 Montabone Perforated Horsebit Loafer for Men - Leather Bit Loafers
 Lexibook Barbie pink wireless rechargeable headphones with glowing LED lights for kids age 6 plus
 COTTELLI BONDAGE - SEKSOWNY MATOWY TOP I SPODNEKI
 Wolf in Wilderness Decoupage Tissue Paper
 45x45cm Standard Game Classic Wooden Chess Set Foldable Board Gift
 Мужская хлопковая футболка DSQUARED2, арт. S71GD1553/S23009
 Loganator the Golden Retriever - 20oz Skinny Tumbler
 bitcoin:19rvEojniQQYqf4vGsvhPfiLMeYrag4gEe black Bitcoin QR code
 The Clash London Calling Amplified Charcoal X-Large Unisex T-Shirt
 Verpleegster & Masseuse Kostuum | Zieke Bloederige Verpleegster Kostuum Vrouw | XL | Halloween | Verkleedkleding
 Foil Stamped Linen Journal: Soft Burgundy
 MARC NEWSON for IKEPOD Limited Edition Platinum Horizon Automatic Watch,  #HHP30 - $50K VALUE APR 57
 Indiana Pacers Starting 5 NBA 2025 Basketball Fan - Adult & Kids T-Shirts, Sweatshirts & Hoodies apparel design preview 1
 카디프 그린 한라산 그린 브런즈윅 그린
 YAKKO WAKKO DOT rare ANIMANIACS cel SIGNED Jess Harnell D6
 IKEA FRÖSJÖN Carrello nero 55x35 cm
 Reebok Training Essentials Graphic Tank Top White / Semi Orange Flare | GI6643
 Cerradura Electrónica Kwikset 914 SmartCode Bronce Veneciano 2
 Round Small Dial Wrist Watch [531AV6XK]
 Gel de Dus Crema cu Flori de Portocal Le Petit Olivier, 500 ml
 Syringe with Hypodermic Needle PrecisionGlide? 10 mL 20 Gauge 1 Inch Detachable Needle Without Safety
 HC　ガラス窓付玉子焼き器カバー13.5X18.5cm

******************************

*Action item:*
Each line of the data is to be written out again exactly.

*Written solution:*
 Montabone Perforated Horsebit Loafer for Men - Leather Bit Loafers
 Lexibook Barbie pink wireless rechargeable headphones with glowing LED lights for kids age 6 plus
 COTTELLI BONDAGE - SEKSOWNY MATOWY TOP I SPODNEKI
 Wolf in Wilderness Decoupage Tissue Paper
 45x45cm Standard Game Classic Wooden Chess Set Foldable Board Gift
 Мужская хлопковая футболка DSQUARED2, арт. S71GD1553/S23009
 Loganator the Golden Retriever - 20oz Skinny Tumbler
 bitcoin:19rvEojniQQYqf4vGsvhPfiLMeYrag4gEe black Bitcoin QR code
 The Clash London Calling Amplified Charcoal X-Large Unisex T-Shirt
 Verpleegster & Masseuse Kostuum | Zieke Bloederige Verpleegster Kostuum Vrouw | XL | Halloween | Verkleedkleding
 Foil Stamped Linen Journal: Soft Burgundy
 MARC NEWSON for IKEPOD Limited Edition Platinum Horizon Automatic Watch,  #HHP30 - $50K VALUE APR 57
 Indiana Pacers Starting 5 NBA 2025 Basketball Fan - Adult & Kids T-Shirts, Sweatshirts & Hoodies apparel design preview 1
 카디프 그린 한라산 그린 브런즈윅 그린
 YAKKO WAKKO DOT rare ANIMANIACS cel SIGNED Jess Harnell D6
 IKEA FRÖSJÖN Carrello nero 55x35 cm
 Reebok Training Essentials Graphic Tank Top White / Semi Orange Flare | GI6643
 Cerradura Electrónica Kwikset 914 SmartCode Bronce Veneciano 2
 Round Small Dial Wrist Watch [531AV6XK]
 Gel de Dus Crema cu Flori de Portocal Le Petit Olivier, 500 ml
 Syringe with Hypodermic Needle PrecisionGlide? 10 mL 20 Gauge 1 Inch Detachable Needle Without Safety
 HC　ガラス窓付玉子焼き器カバー13.5X18.5cm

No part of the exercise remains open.